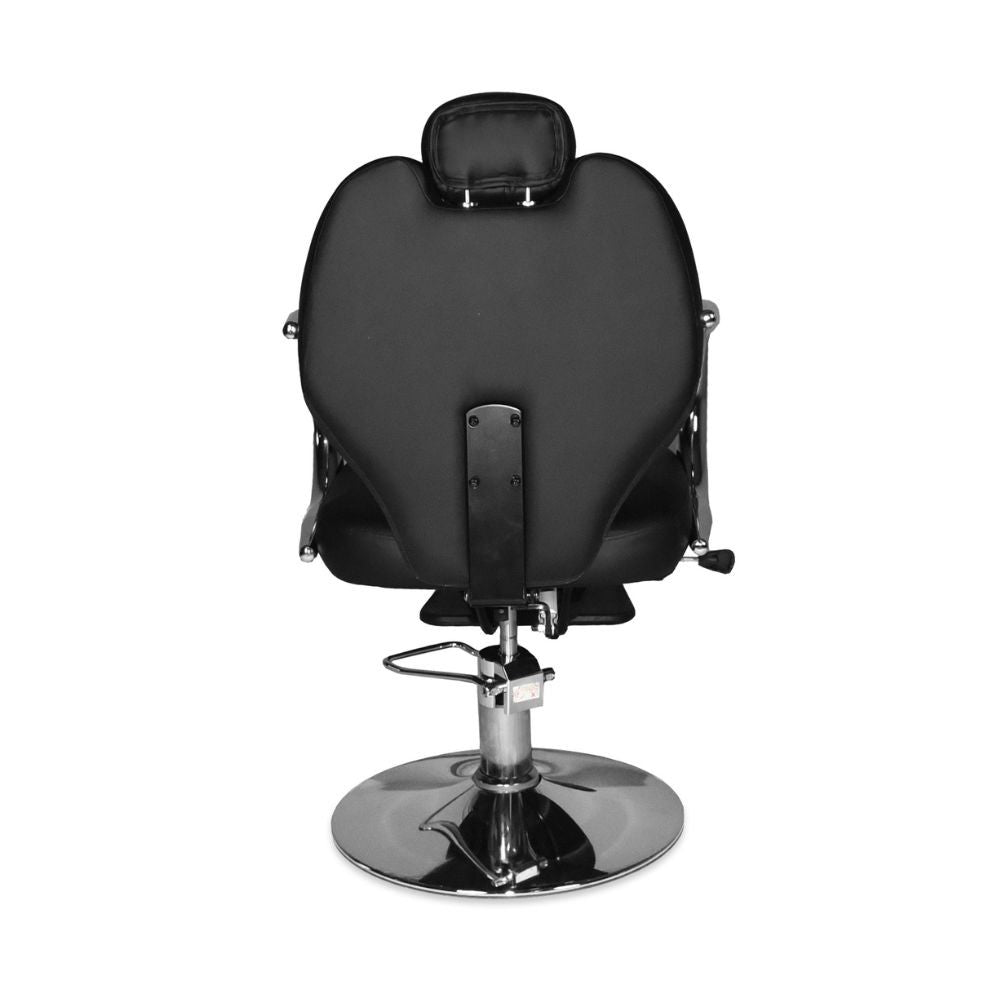 poltrona da barbiere bobo reclinabile in ecopelle nero con braccioli e struttura in acciaio cromato lucido, struttura robusta e base antiscivolo per sicurezza e stabilità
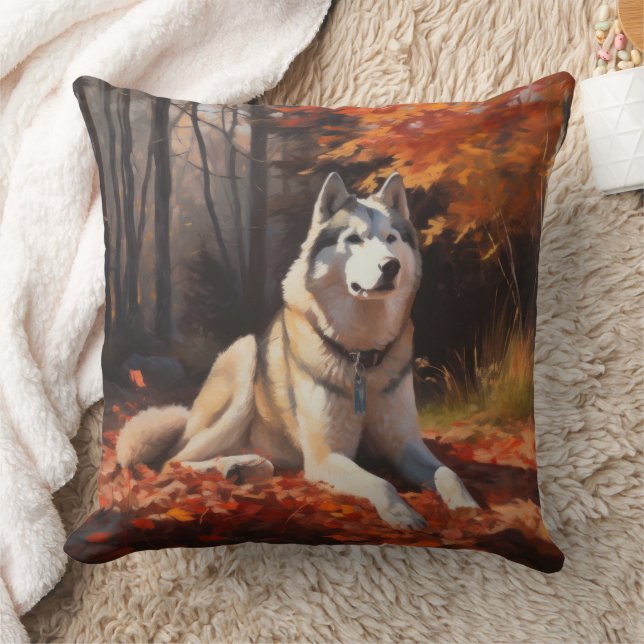 Siberian Husky in Autumn Leaves Fall Inspire  Cushion (Blanket)
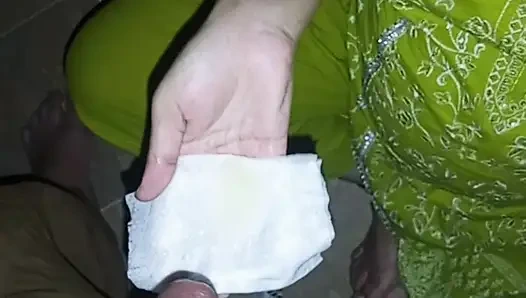 Sana sucks a sammer dick in a personal room and cum in her hands.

WHAT TO WORK ON:
Starting with the first line of the data above and ending with the line containing "Siberian Husky in", please restate every line exactly, leaving images out.

COMPLETED TASK:
 poltrona da barbiere bobo reclinabile in ecopelle nero con braccioli e struttura in acciaio cromato lucido, struttura robusta e base antiscivolo per sicurezza e stabilità
 Siberian Husky in Autumn Leaves Fall Inspire  Cushion (Blanket)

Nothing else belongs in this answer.